Interconnect bumps are used primarily to make electrical connections between connectors and circuit boards. The interconnect bumps make electrical contact above the connector or board with another electrical component which could be either another connector or a circuit board. In a connector employing a densely-packed interconnect pattern the height of interconnect bumps is critical to avoid cross-talk and other unwanted electrical phenomenon associated with such patterns on electrical connectors.
The standard process to form interconnect bumps is an additive process in which the circuit traces and bumps are formed by depositing successive layers of metal on a suitable substrate by electrodeposition, sputtering, vapor deposition or other known processes. Bumps formed by this additive process are typically 0.001 to 0.0015 inches (2.54.times.10.sup.-5 to 3.81.times.10.sup.-5 meters) high and do not have any mechanical anchoring or support features other than adhesion between the layers.

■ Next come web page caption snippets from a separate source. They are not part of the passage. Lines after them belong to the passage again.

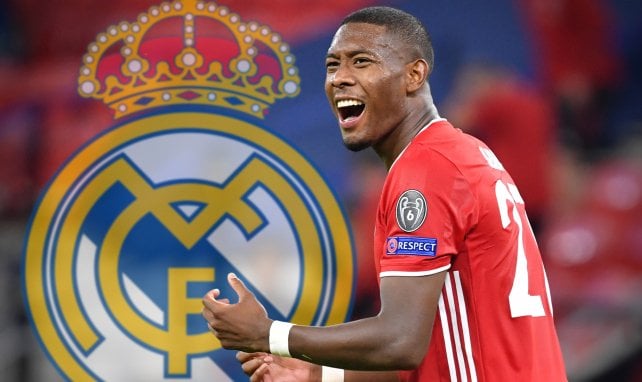 David Alaba ya es nuevo jugador del Real Madrid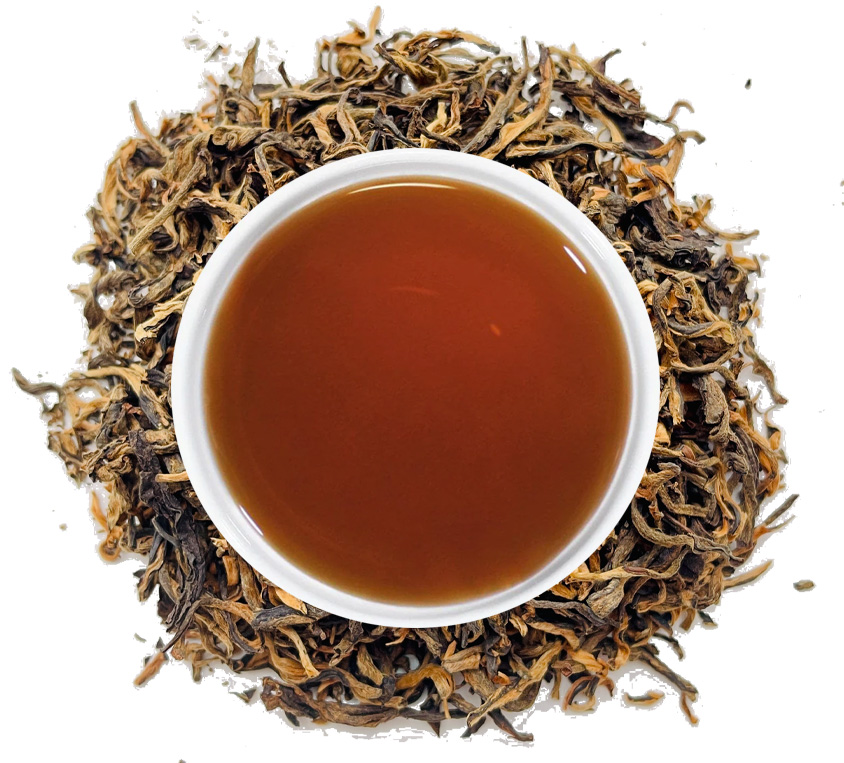 Golden Monkey Leo Tea** to herbata dla prawdziwych koneserów, ceniących wysoką jakość i unikalne smaki. Dzięki swojej złożoności, bogatemu aromatowi i pięknemu opakowaniu, jest to doskonały wybór na prezent, który z pewnością zrobi wrażenie na obdarowanej osobie.
Kupując **Golden Monkey**, inwestujesz w chwilę relaksu i przyjemności, którą można delektować się w dowolnym momencie. Niezależnie od tego, czy jest to prezent na urodziny, święta, czy inną specjalną okazję, herbata ta z pewnością będzie doceniona i zapamiętana. Jej elegancki wygląd i wyjątkowy smak sprawiają, że jest to produkt, który warto mieć w swojej kolekcji herbat lub podarować bliskiej osobie.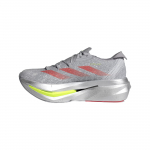 Adidas Adizero Prime X 2.0 Strung Glory Grey Lucid Red Unisex tossud Hall-Kaks IF9427 43⅓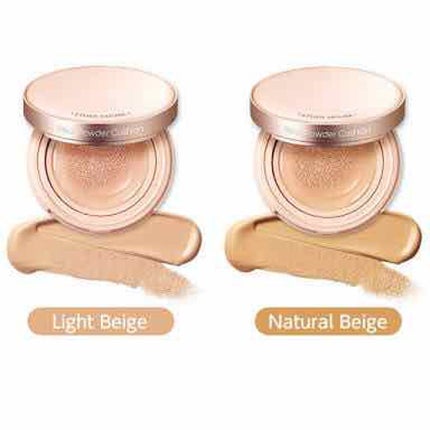 リアルパウダー クッション SPF50+/PA+++/ETUDE/クッションファンデーションを使ったクチコミ(1枚目)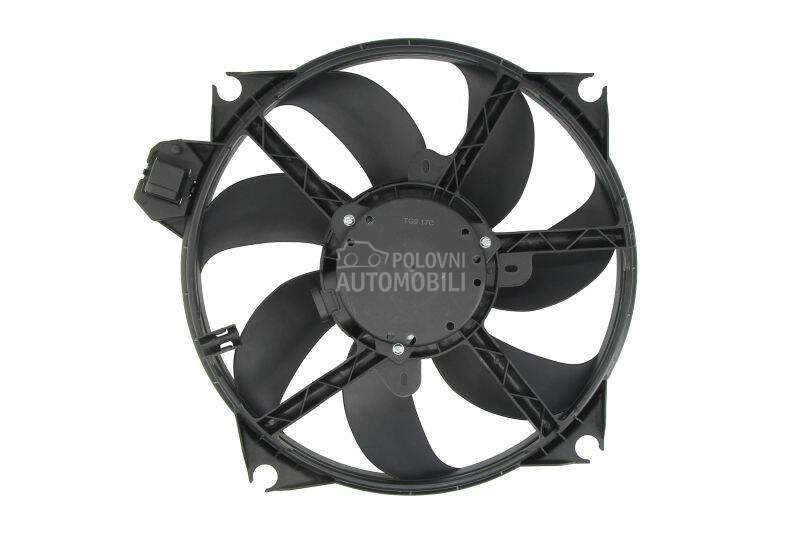 Ventilator motora visko za Renault Megane od 2008. do 2016. god.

The lack of height makes connectors employing such bumps in densely-packed interconnect patterns subject to cross-talk and other unwanted electrical phenomenon. The height is limited primarily by the structure of the bumps themselves, as well as the processes used to form the interconnect bumps. Attempts to form higher bumps results in bumps which delaminate or "slide" off their base structures. Once the bumps delaminate, the connectors fail to make electrical connection between their associated components.
Prior art processes used to form interconnect bumps also include etching a single layer or series of layers which were previously built up on an electrical component. Such a method is described in U.S. Pat. No. 4,357,750 to Ostman, issued Nov. 9, 1982. These methods typically start with a very thick layer of copper and use standard photolithographic methods to define the desired pattern. Typically an ammoniacal etchant is used to etch away undesired copper to form the pattern. The disadvantages to this process are the high cost of depositing a large amount of copper and then removing it in a process from which the copper may or may not be recovered. In addition, the thick electrodeposited copper base material is not suitable for dynamic flex circuit applications because it lacks flexibility, it is difficult to form bumps with straight side walls because of the etching process, and the process is not well-suited for the fabrication of highly complex, very high density printed circuits.
To solve the above-mentioned problems and others not mentioned, the present method and apparatus provide a stable, reliable interconnect bump for use on connectors having high density interconnect patterns.